McKINNEY, Texas - A 13-year-old boy is being honored for his quick thinking actions that helped save his mother’s life twice.
On two separate occasions, Camille Allen was having a stroke, and both times, her son Xavier noticed the signs and called 911.
Doctors and EMTs said Xavier’s actions were critical in saving her life.
It’s been more than six years since Allen’s first stroke.
She said she didn’t recognize she was having a stroke again, but her son knew something was wrong.
"I’m very proud of him, because if it wasn’t for him, I probably wouldn’t be here today," Allen said.
Back in April 2015, she felt a little off, but didn’t notice any alarming signs until it hit her.
"I felt hot, clammy, couldn’t stop drooling, then I passed out," she recalled.
Her son Xavier, a 7-year-old at the time, saw her and called 911, helping to save his mom’s life.
Then, almost six years to the day, it happened again without warning this past April.
"I couldn’t talk, he was calling my name and I couldn’t answer him," Allen recalled.
"She was looking up, and she was mumbling a lot," Xavier said.
Xavier was once again there to call 911.
"When they asked me if they should have the ambulance come, she was like no. She didn’t want one, but I told them to bring one anyway," he said.
Allen was transported to Baylor Scott & White Medical in McKinney. Her stroke was so severe that she was transferred to the comprehensive stroke center at Baylor’s Plano campus.
Allen’s scans from Baylor’s medical team showed severe blockage in her brain.
She spent two days on life support fighting to survive.
"They were calling, getting ready to call my family in because they said I probably wouldn’t make it through the night," she recalled.
But she pulled through thanks to the quick actions of her son, first responders, and medical staff.
"The key here is the timing and presence of mind and the maturity her son had to provide that history and help guide the therapy," Dr. Sam Ritter said.

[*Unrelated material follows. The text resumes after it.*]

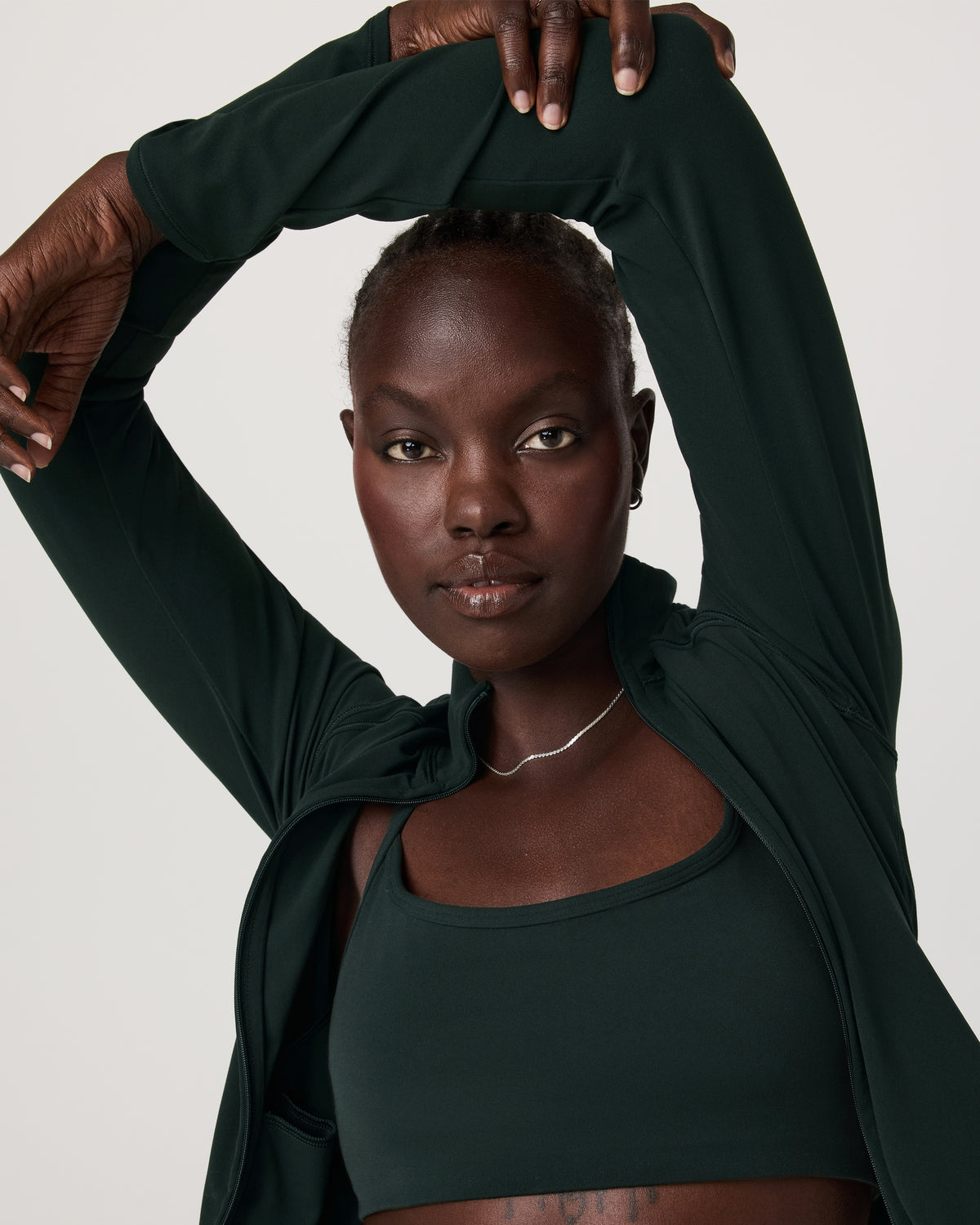 Vuori AllTheFeels? Full Zip Women's Evergreen Jacket - Image 4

In the rush, Xavier didn’t get a chance to thank the medics who helped keep him calm.
So when he was assigned to write about his hero in school, he wrote about them.
"My hero was a medic, this medic that saved my mom was a true hero," he said. "I really wish I could’ve given them something for my appreciation of saving my mom’s life."
He hadn’t gotten the chance to thank them in person until Friday.
"Every second with stroke, it counts. So I’m very proud of him," Allen said.
Allen said her doctors are still trying to figure out the cause of her stroke, but she does plan to adjust her lifestyle.
She will also go through speech therapy to help with her recovery.